Ancient Maya Monument with Hieroglyphs Tells a Dramatic Tale
Archaeologists excavating underneath a temple in an ancient Maya city in Guatemala have discovered an intricately carved stone monument with hieroglyphic text dating back approximately 1,500 years, providing new insights into the ancient kingdom of Waka’ and its relations with the most powerful kingdoms in the lowland Maya world.
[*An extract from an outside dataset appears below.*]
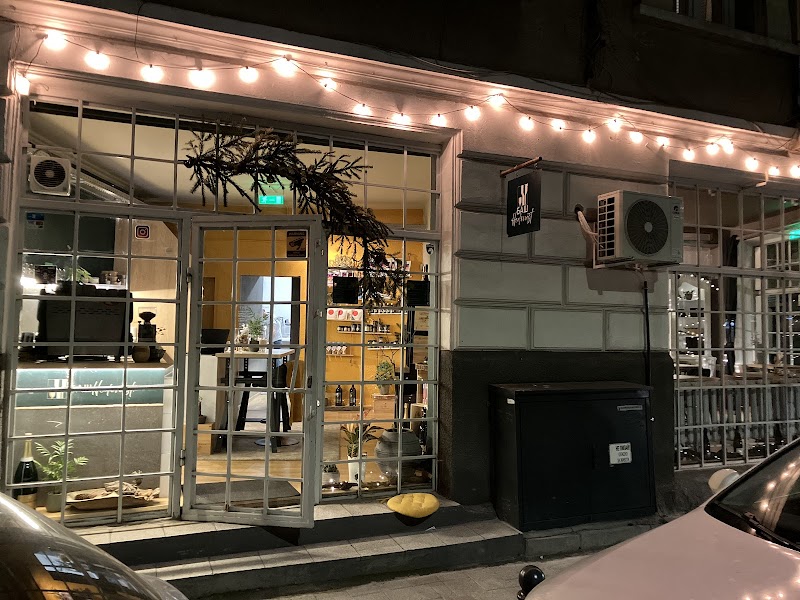 BASH HEDONIST - Photo 1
The stone monument was discovered in the Maya city of El Perú-Waka’, which once commanded major trade routes in the Classic period. It was found in a tunnel underneath the main temple of the city which led to a royal tomb and tells a dramatic tale involving political intrigue and bloodshed. It is one of a number of dramatic stories of Classic Maya history that have been recovered through the decipherment of Maya glyphs, a science that has made great advancements in the last 30 years.
The hieroglyphic text suggests that the monument was commissioned by Wak dynasty King Wa’oom Uch’ab Tzi’kin (He Who Stands up the Offering of the Eagle) to honor his father, King Chak Took Ich’aak (Red Spark Claw), who had died in 556 AD. It is the first time that these Maya rulers have become known to modern history, providing a critical contribution to the understanding of Maya culture. A new queen, Lady Ikoom, is also featured in the text and she is believed to be one of two Snake dynasty princesses sent into arranged marriages with the rulers of El Perú-Waka’ and another nearby Maya city as a means of cementing Snake control over this region of Northern Guatemala.
After standing exposed to the elements for more than 100 years, the research team suggests that the monument was moved by order of a later king and buried as an offering inside new construction that took place at the main El Perú-Waka’ temple about 700 AD, probably as part of funeral rituals for a great queen entombed in the building at this time.
While the text on the monument is only partially preserved, it reveals an important moment in the history of Waka’.